Recently Google disclosed a new class of vulnerabilities known as Spectre and Meltdown. Folks in the Decred community have been asking questions about the implications of these bugs for Decred. This post delineates implications of these exploits and possible countermeasures. These bugs are akin to traders issuing cancels without back pressure to manipulate the market.
Run your wallet on physical hardware you control and DON’T share with others and DO NOT run a web browser on the same machine. Hardware wallets do not seem to be affected by these bugs but great care should be taken where they are accessed.
Decred’s Politeia, a proposal system that is part of Decred’s governance system, has a vast amount of potential uses. As such, Decred can only reasonably explore a few of these use cases on their own.
The Politeia Platform Challenge is a competition designed to discover alternate uses for the Politeia codebase.

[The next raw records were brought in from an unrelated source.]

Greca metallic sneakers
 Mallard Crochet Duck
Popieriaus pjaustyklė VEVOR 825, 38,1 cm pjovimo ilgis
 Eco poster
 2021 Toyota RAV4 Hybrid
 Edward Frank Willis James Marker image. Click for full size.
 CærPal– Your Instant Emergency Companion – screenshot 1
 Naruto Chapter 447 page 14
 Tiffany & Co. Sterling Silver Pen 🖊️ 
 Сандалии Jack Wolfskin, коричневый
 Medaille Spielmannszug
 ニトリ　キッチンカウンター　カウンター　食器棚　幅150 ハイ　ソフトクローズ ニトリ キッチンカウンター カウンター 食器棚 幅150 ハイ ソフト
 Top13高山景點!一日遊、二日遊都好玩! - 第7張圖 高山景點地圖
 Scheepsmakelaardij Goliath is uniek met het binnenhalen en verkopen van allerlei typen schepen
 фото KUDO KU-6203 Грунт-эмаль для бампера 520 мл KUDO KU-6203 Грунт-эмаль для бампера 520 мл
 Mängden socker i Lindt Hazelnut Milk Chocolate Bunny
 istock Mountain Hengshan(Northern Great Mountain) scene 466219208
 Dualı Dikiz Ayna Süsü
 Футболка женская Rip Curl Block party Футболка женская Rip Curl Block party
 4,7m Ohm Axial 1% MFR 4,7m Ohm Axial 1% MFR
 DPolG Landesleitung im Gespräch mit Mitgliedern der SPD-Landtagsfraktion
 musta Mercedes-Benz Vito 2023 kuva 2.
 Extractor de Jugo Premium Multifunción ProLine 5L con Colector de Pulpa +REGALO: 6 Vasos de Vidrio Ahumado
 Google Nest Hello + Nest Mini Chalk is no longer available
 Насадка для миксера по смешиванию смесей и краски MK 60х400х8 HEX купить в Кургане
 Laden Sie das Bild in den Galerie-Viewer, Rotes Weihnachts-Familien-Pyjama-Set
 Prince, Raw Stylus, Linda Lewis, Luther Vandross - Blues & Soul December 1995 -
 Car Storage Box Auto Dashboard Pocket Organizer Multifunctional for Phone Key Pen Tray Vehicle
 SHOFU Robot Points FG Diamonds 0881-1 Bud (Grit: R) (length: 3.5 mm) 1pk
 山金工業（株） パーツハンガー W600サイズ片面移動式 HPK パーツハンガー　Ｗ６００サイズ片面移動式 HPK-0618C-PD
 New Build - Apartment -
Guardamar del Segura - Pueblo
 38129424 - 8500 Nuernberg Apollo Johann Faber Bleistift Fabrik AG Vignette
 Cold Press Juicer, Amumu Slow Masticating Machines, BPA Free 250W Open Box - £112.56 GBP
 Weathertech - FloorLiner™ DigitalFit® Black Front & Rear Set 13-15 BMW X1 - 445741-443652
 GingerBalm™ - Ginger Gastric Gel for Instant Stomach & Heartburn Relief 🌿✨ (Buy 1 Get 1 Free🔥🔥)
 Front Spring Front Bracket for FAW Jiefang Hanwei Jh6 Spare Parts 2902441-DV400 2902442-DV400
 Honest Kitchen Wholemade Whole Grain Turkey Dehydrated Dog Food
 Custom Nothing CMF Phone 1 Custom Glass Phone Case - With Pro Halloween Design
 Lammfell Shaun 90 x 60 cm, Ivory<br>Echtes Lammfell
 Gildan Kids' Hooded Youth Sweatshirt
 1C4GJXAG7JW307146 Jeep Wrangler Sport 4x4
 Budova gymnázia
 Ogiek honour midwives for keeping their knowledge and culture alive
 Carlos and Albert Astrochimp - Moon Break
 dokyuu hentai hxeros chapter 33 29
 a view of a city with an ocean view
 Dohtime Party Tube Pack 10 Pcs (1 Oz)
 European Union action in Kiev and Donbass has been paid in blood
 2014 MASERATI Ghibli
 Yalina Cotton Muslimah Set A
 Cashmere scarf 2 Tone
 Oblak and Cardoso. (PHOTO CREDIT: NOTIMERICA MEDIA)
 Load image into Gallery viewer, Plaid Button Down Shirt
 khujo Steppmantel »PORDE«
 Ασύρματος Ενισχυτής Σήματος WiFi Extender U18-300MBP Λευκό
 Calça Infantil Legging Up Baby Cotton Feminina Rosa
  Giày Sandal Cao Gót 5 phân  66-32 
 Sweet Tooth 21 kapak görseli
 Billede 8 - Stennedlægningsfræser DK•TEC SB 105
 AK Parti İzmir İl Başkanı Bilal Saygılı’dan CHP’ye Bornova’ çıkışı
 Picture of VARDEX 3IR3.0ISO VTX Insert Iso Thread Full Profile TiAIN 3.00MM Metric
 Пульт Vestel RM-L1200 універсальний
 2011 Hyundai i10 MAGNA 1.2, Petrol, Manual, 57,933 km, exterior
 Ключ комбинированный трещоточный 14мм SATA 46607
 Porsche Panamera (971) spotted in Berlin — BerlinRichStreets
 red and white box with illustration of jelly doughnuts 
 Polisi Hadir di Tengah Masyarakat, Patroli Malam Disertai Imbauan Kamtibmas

Competitors will use Politeia source code to address alternate use cases besides a public proposal system and then demonstrate how they work. Decred will choose the best of these on February 10th, 2018 at the Hyatt Regency in Austin, TX. The event starts at 8 PM CST, ends at 12 AM CST, and is free to attend. Drinks and food will be available for purchase.
Competitors are encouraged to work in teams but may work independently. National competitors will be able to demonstrate their projects remotely through video conferencing. Prizes will be awarded for 1st, 2nd, and 3rd place:
- 1st Place - USD 10,000
- 2nd Place - USD 5,000
- 3rd Place - USD 2,000
All prizes are equivalent to USD and payable in Decred.